Space Shuttle Endeavour lift-off

Last night while watching the news with my mom and brother, the ABC News anchor described the Space Shuttle as a kind of space tow-truck. A rage began to boil deep inside me. I hate it when people reduce beautiful objects, ideas, design to hopelessly infantile terms. How can you appreciate something so worthlessly downgraded?

The Space Shuttle Endeavour took off today on its last mission. The last Space Shuttle flight, that of Atlantis, will happen in a few months. There is no planned replacement, and the International Space Station will be served by Russian Soyuz craft. The Soyuz is about 1/20th the size of the shuttle, and suffice it so say isn’t even in the same category of space vehicle.

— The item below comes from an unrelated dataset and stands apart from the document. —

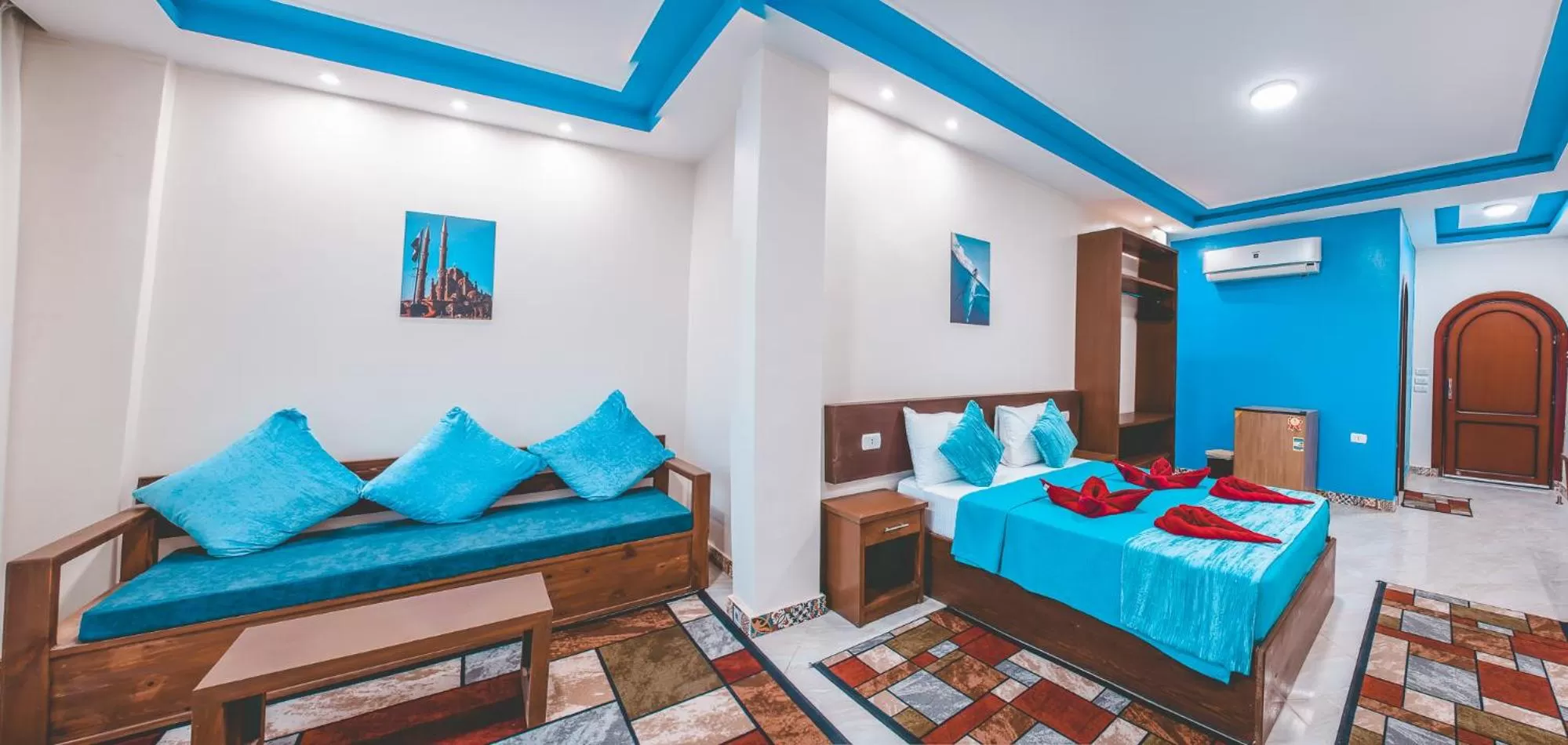 Photo of the whole room, Bed in Seaview Panorama Boatel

The Shuttle was an outstanding triumph of human ingenuity and sound design. Like the ISS, it was also an international effort, leading to further international cooperation in manned space flight. Now, with the end of the Space Shuttle and the cancellation of the Constellation project, manned spaceflight may come to a standstill. There’s hope that the commercial sector may take-over in a space-tourism capacity, but only large governments with considerable resources can build the facilities and equipment necessary to probe our solar system, establish colonies etc. The retirement of the Space Shuttle sends shivers down my spine – and not just because its May 16th in Montreal and the mercury hasn’t made it past 7 degrees!

If you haven’t noticed yet, I’m pretty passionate about manned spaceflight in particular and astronomy, the cosmos etc in general. I know – what’s there to be passionate about right? How many of you think about space launches and immediately think of that Simpsons bit? “Oh no! Not another boring space-launch!”

The horror… The horror…

I find it mind boggling how disinterested our species seems to be with regards to getting off our planet and trying to establish mankind throughout or solar system. Without a doubt we are the only sentient species in our system, and if we (I mean mankind) cooperated, we could probably get ourselves off this rock, possibly even terraforming other planets, moons etc.

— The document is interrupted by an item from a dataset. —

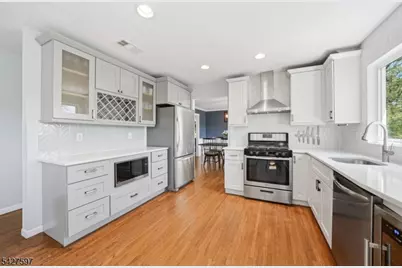 32 Bonnell Ln, Randolph Township, NJ 07869 - Photo 10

I find images like this inspiring:

Artist's impression of a terraformed Mars - not the work of the author

And images like these ones haunting, even daunting:

The Pale Blue Dot - courtesy Voyager 1

I can’t help but feel strongly convinced that we have a responsibility to get off this planet, if for no other reason than the fact that it require a degree of international cooperation unlike anything we’ve ever seen, and we’d probably have to divert almost all resources currently used for ‘defense and security’ towards space exploration. What a great switch that would be; stop killing over territory and resources to instead cooperate to reap the benefits of all the uncontested resources of our solar system?

There’s no one else here, and almost every planet, moon and asteroid in our solar system almost certainly bear resources we’d be able to extract for our benefit. We know so little about our neighbours, and with the demise of the Space Shuttle program, we take another step backwards. It’s pretty ironic a shuttle named Endeavour would be retired early, and without replacement.